The Problem Communists Cannot Answer

The Problem Communists Cannot Answer

Revisionists and Reality: The Internal Crisis of Communism

“Politics is not a struggle of ideals, but a struggle of power.”

- James Burnham

The Internal Divide: Two Kinds of Communists

What I have consistently observed, in dealing with self-identified Communists, is a sharp divide not simply between believers and critics, but within Communism itself. There exists a cohort, often older, often shaped by longer intellectual exposure, who reject the crude polemics that dominated the Stalinist period.

These “revisionist but still Communist” figures do not accept the caricature of Leon Trotsky as a saboteur, nor do they treat Nikolai Bukharin, Karl Radek, and others as enemies of socialism. Instead, they regard the purges and denunciations under Joseph Stalin as distortions, incidental to the project rather than essential to it, and maintain that those eliminated were, in fact, genuine Communists.
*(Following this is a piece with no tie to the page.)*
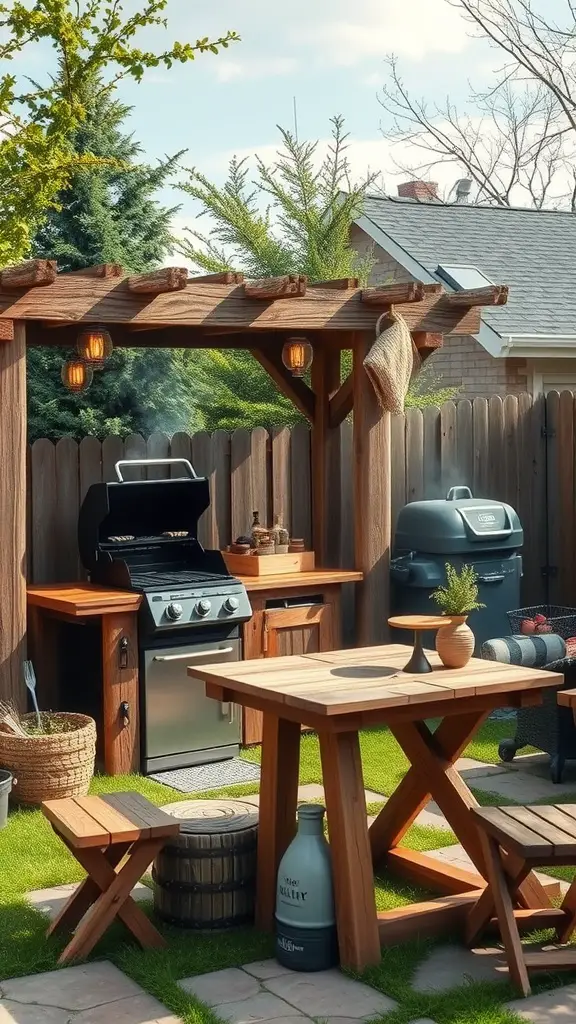 23 Amazing Backyard Ideas for Your Bloxburg Home 11 A rustic BBQ station with a wooden structure, grill, and seating area in a backyard.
In contrast, the more rigid and doctrinaire elements, often younger militants, tend to reproduce the old accusations with surprising zeal. For them, deviation must always be explained as betrayal, and figures like Trotsky become necessary villains in a simplified moral narrative.

What is striking is that those with the longest memory of the movement, including many older intellectuals (and, as I would note, indeed decisive, Jewish Communists shaped by both European history and personal proximity to these events), tend to be far more cautious. They recognize that the internal conflicts of early Soviet history were not a struggle between purity and treason, but between competing visions within a shared ideological framework.

This is lost on the younger militants who dominant the Left, whether they support the Soviet experience, or if they are Anarchists, social-democrats and others. This important distinction is lost on them, which actually solidifies my view, that the Left logically gravitates to religious thinking rather than to anything “scientific.”

This more restrained interpretation is not unique to just my own experience observing the Far-Left. It aligns with strands of thought found among post-war Western Marxist historians and dissident Communists who attempted to salvage the intellectual core of Marxism while acknowledging the political distortions of the Soviet state.

The Myth of the “Wrecker”

Figures influenced by the later writings of people like Isaac Deutscher or E. H. Carr often arrived at similar conclusions: that the early Bolshevik leadership, despite its factionalism, represented a spectrum of legitimate socialist positions, and that the Stalinist consolidation required retroactively criminalizing that diversity.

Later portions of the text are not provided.